2. The method of claim 1, wherein the at least one performance
characteristic of the candidate neural network is predicted using a
modelling neural network.
3. The method of claim 1, wherein the candidate set of neural
network parameters comprises at least one of a number of layers, a
number of nodes per layer, a convolution kernel size, a maximum
pooling size, a type of activation function, and a network training
rate.
4. The method of claim 1, wherein predicting the at least one
performance characteristic comprises predicting an average error
and at least one of a computation time, a latency, an energy
efficiency, an implementation cost, and a computational complexity
of the candidate neural network.
5. The method of claim 4, wherein predicting the at least one
performance characteristic comprises using a multi-layer perceptron
(MLP) model to model a response surface relating the candidate set
of neural network parameters to the average error.
6. The method of claim 1, wherein the at least one performance
characteristic is compared against the current performance baseline
comprising a current Pareto-optimal front composed of one or more
performance characteristics of one or more previous candidate
neural networks.
7. The method of claim 2, further comprising, when the at least one
performance characteristic exceeds the current performance
baseline, updating the modelling neural network based on the
candidate neural network, comprising retraining the modelling
neural network with at least one actual performance characteristic
obtained upon testing the candidate neural network and with one or
more performance characteristics obtained upon testing one or more
previous candidate neural networks.
8. The method of claim 1, further comprising, when the at least one
performance characteristic does not exceed the current performance
baseline, discarding the candidate neural network.
9. The method of claim 1, further comprising iteratively performing
the steps of claim 1 until an iteration limit is attained.
10. The method of claim 1, further comprising: comparing at least
one actual performance characteristic of the candidate neural
network against the current performance baseline, the at least one
actual performance characteristic obtained upon testing the
candidate neural network; and when the at least one actual
performance characteristic exceeds the current performance
baseline, updating the current performance baseline to include the
at least one performance characteristic.
11. A system for identifying at least one neural network suitable
for a given application, comprising: a processing unit; and a
non-transitory computer-readable memory communicatively coupled to
the processing unit and comprising computer-readable program
instructions executable by the processing unit for: selecting a
candidate set of neural network parameters associated with a
candidate neural network; predicting at least one performance
characteristic of the candidate neural network; comparing the at
least one performance characteristic of the candidate neural
network against a current performance baseline; and when the at
least one performance characteristic exceeds the current
performance baseline, using a predetermined training dataset for
training and testing the candidate neural network to identify the
at least one suitable neural network.
12. The system of claim 11, wherein the program instructions are
executable by the processing unit for predicting the at least one
performance characteristic of the candidate neural network using a
modelling neural network.
13. The system of claim 11, wherein the program instructions are
executable by the processing unit for selecting the candidate set
of neural network parameters comprising at least one of a number of
layers, a number of nodes per layer, a convolution kernel size, a
maximum pooling size, a type of activation function, and a network
training rate.
14. The system of claim 11, wherein the program instructions are
executable by the processing unit for predicting the at least one
performance characteristic comprising predicting an average error
and at least one of a computation time, a latency, an energy
efficiency, an implementation cost, and a computational complexity
of the candidate neural network.
15. The system of claim 14, wherein the program instructions are
executable by the processing unit for predicting the at least one
performance characteristic comprisingusing a multi-layer perceptron
(MLP) model to model a response surface relating the candidate set
of neural network parameters to the average error.
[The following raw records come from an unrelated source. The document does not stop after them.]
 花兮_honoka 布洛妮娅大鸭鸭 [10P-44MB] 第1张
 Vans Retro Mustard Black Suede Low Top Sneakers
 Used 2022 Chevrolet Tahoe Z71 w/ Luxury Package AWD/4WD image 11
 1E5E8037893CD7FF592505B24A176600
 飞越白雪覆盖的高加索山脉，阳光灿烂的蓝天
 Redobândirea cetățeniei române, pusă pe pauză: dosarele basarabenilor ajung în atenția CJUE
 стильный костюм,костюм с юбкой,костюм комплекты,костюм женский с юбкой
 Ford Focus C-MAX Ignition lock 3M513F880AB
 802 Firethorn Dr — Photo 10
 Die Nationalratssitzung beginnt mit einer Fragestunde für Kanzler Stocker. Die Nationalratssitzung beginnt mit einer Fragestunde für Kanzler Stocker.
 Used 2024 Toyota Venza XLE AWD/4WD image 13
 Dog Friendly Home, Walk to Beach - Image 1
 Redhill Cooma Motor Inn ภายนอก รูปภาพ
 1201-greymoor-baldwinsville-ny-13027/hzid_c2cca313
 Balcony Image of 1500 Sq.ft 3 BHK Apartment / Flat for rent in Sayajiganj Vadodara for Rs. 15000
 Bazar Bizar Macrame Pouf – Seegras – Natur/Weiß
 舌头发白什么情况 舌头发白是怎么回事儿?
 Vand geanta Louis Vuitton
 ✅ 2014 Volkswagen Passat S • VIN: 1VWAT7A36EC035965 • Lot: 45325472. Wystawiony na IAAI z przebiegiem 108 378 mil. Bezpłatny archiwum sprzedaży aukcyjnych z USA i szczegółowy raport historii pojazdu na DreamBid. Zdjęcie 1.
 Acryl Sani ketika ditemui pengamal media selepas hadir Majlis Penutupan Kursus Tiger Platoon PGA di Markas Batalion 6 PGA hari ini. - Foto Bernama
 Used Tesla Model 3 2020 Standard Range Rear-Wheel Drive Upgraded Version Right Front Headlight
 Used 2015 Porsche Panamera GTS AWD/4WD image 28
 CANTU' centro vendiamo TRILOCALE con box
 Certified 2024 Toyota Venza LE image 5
16. The system of claim 11, wherein the program instructions are
executable by the processing unit for comparing the at least one
performance characteristic against the current performance baseline
comprising a current Pareto-optimal front composed of one or more
performance characteristics of one or more previous candidate
neural networks.
17. The system of claim 12, wherein the program instructions are
executable by the processing unit for, when the at least one
performance characteristic exceeds the current performance
baseline, updating the modelling neural network based on the
candidate neural network, comprising retraining the modelling
neural network with at least one actual performance characteristic
obtained upon testing the candidate neural network and with one or
more performance characteristics obtained upon testing one or more
previous candidate neural networks.
18. The system of claim 11, wherein the program instructions are
executable by the processing unit for discarding the candidate
neural network when the at least one performance characteristic
does not exceed the current performance baseline.
19. The system of claim 11, wherein the program instructions are
executable by the processing unit for iteratively performing the
steps of claim 11 until an iteration limit is attained.
20. The system of claim 11, wherein the program instructions are
executable by the processing unit for: comparing at least one
actual performance characteristic of the candidate neural network
against the current performance baseline, the at least one actual
performance characteristic obtained upon testing the candidate
neural network; and when the at least one actual performance
characteristic exceeds the current performance baseline, updating
the current performance baseline to include the at least one
performance characteristic.
Description
CROSS-REFERENCE TO RELATED APPLICATIONS
[0001] The present application claims priority under 35 U.S.C.
119(e) of Provisional Patent Application bearing serial No.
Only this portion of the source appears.